Native Idahoan Melanie Fales was recently appointed the executive director of Boise Art Museum. In the dozen years she's worked with BAM, she's served in a number of positions—including interim executive director twice—always with a focus on art education.
Fales grew up in the small northern Idaho town of Grangeville and studied at Boise State and the Ecole du Louvre in Paris. With a quick smile and an easy laugh, she told Boise Weekly how her parents encouraged her love of art, recalled her studies at an American museum in France and stressed the importance of working as a team.
How does someone from Grangeville find an interest in museum studies?
I think there are a couple of factors. I attribute my interest to my parents. Even though we were in a small community, they both have a very strong interest in the arts. Over I don't know how many years, my mom had purchased a series of those Time-Life books on art and art history. She gave me this set of books in high school saying, "You need to have these in your care. You need to be looking at these."
And, I was sort of born to be an artist. They really encouraged that even though there weren't a lot of opportunities in our rural community. We did have 4-H programs, so I took art every year, any time I could. We did, luckily, have an art program in the schools, so I did have elementary art and art in high school.
How did you come to work with the American museum in France?
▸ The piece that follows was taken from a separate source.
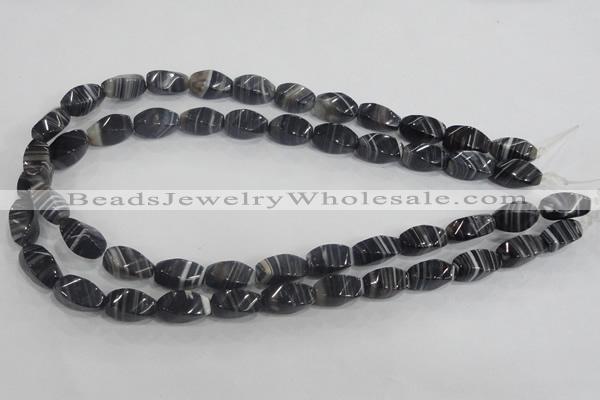 CAA214 15.5 inches 8*16mm twisted rice madagascar agate beads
When I started my studies at the Louvre school, they had all kinds of other things you could do. You could sign up for excursions to go to the Monet museum in Giverny, for instance. That was one of the very first excursions I went on with my classmates. There was an American museum there that had just recently opened and they didn't have any educational programs yet.
I thought it was something I could help with. I walked up and said, "I'm here for a year, I'd love this experience, can I help?"
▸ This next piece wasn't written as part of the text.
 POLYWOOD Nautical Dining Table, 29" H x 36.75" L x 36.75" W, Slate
They let me stay in one of the houses they had and I'd go there on Fridays for the weekend and then come back to Paris and do my studies during the week. That's when I realized that I really wanted to go into museum [studies] and museum education. When I saw the impact of education, I decided that's what my direction really should be.
When you were done with your studies in Paris, did you look at other places to study or did you know you would come back to Boise?
I've always been very independent and supported myself financially, so I looked at how I could make this happen realistically on my own. It sounds really boring, but I could get a job here.
There were great museum studies all over, but the great thing about Boise State is that, at the time, there was an interdisciplinary studies program. I started with that, but then moved into art education. The other great thing about this university is that you can customize your own program. I had some great professors who were flexible and would work with me and could appreciate my background and experience. I was able to take those graduate studies and apply that to my master's degree.
How did you get started with Boise Art Museum?
When I was doing my master's work, I started being a docent. I was a volunteer here before I left for France. I started [working] with the education curator at the time. [BAM] created an associate curator of education position, and I was able to get that. Then I went to curator of education, then you know the rest of the story.
Is there one exhibition in particular that you were instrumental in bringing or that you were particularly excited about?
It's funny because I always think the most exciting exhibition is the one we're working on now. I was instrumental in bringing in the Faith Ringgold exhibition.
I saw that in Spokane during my interim term and worked with the curatorial staff to get that here and then was really excited to get Faith Ringgold here to talk. That for me was a major accomplishment.
How do you decide what exhibitions to have here?
We [do it] as a team, because really, that's a huge part of this institution; we have to be able to function as a team. We're a small staff and we do extremely professional world-class work. We come together and talk about what the options are, in terms of exhibitions.
We have conversations about why it would be important to bring a particular exhibition to Boise, what the associated costs are, how does it fit with other themes we've explored, how does it fit with our community.
We talk about the education implications and, realistically, we look at how it can be funded. A lot of people don't realize we're a nonprofit museum. We're not government funded. We don't receive direct tax dollars. We rely on our earned income, we rely on individual donations, grants, sponsorships.
It really is the community that supports what we do. So we want to make sure we bring in exhibitions that will be supported by the community. At the same time we want to make sure we're still challenging our audiences and helping them understand not just what they already know, but helping them have exposure to things they don't know about.
How do you hear about exhibitions that you could bring to BAM?
People share information with us all the time. We hear from people asking when we're going to bring back some exhibition. We try to explain that if it's in your recent memory, we probably won't bring it back. We want to be sure we're continually doing new, innovative and interesting [exhibitions]. That's not to say [we won't show] historical icons, which is definitely part of our mission.
We've got an Ansel Adams exhibition that's coming up this spring. We've had Frank Lloyd Wright, we've had Georgia O'Keefe. Years ago, we did a Rodin.We try to provide a balance of local artists, national artists, international artists, artists who are emerging, artists who are in mid-career, artists who are those historical icons.
We try to do that strategically so that we do have that one thing people know about, and then in the adjacent galleries have something new and challenging.